А вот когда мы пошли кататься, я ловила себя на том, что стараюсь насладиться каждой секундой на льду. Останавливала себя, заставляла думать о том, что прокат – это четыре минуты, куча элементов, и все они должны быть чистыми. И все равно: смотрела на трибуны, видела эти кольца, и понимала: этот путь подошел к концу.
- Вы ведь не могли быть уверены в том, что уже выиграли.
- Нет, конечно, поэтому я не могла заставить себя радоваться, когда на табло появились оценки. Помню, Бруно орет, а я вообще не знаю, как реагировать. Да, оценки классные. Но есть еще три пары, и они тоже классные, тоже могут откатать чисто и получить еще более высокие баллы. То есть, нам не оставалось ничего, как сидеть, смотреть, как катаются другие, и надеяться на лучшее. Все, что мы могли, мы сделали.
- На пресс-конференции Бруно заявил, что вы едете на чемпионат мира. Это был эмоциональный порыв, или вы действительно собираетесь приехать в Милан?
- Мы давно решили, что пропустим в этом сезоне чемпионат Европы, а на чемпионате мира будем кататься.
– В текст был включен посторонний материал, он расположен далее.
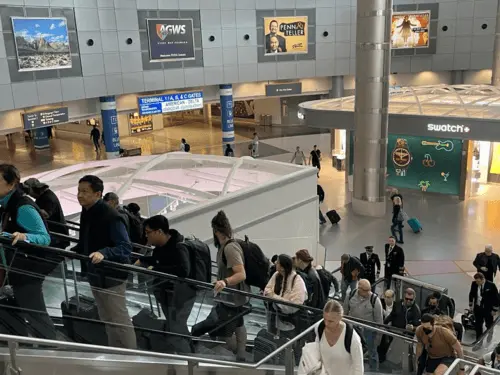 Singapore Airport Sin Advertising Static Example 5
- С вашей стороны, это похоже на реверанс по отношению к партнеру, у которого, в отличие от вас, нет ни одной золотой медали мирового первенства.
- Нет, дело не в этом. Я просто люблю кататься. Когда пересматривала наш олимпийский прокат, думала о том, как еще больше усовершенствовать наши программы, украсить их.
- И уже не страшно проиграть?
- Об этом вообще не думаю. И никогда не думала.
- А что будет потом, в следующем сезоне?
- Не знаю. Я бы еще покаталась.
- Надеюсь, с этим партнером?
- Да. Это не обсуждается.
- Насколько гладко сочетается ваша спортивная карьера с личной жизнью?
- Лиам, когда мы с ним поженились, оставил работу. До этого работал вместе со своим отцом в военном горнолыжном центре Оберстдорфа – учил солдат кататься с гор. Когда мы с ним познакомились, он первым делом меня спросил: катаюсь ли я.
Я говорю: конечно, катаюсь. И он повел меня на гору. Только там до меня и дошло, что каталась-то я раньше только на равнине, а здесь – отвесный обрыв. Пришлось спешно вспоминать все, что я когда-либо по телевизору видела – как люди с гор катаются. Было временами страшно за свою жизнь, но до конца доехала.
Мне, собственно, Бруно первым сказал о том, что Лиам положил на меня глаз. Сама бы я в жизни об этом не догадалась бы – была слишком занята тренировками. А тут стала присматриваться.
- Мужа не угнетает необходимость 24 часа в сутки жить вашей профессиональной жизнью?
- Он говорит, что наслаждается возможностью быть рядом и помогать мне. Если бы Лиам продолжал работать, мы бы просто не имели возможности видеться. А так мы вместе, и мы счастливы.
- Все домашнее хозяйство в вашей семье тоже находится в мужских руках?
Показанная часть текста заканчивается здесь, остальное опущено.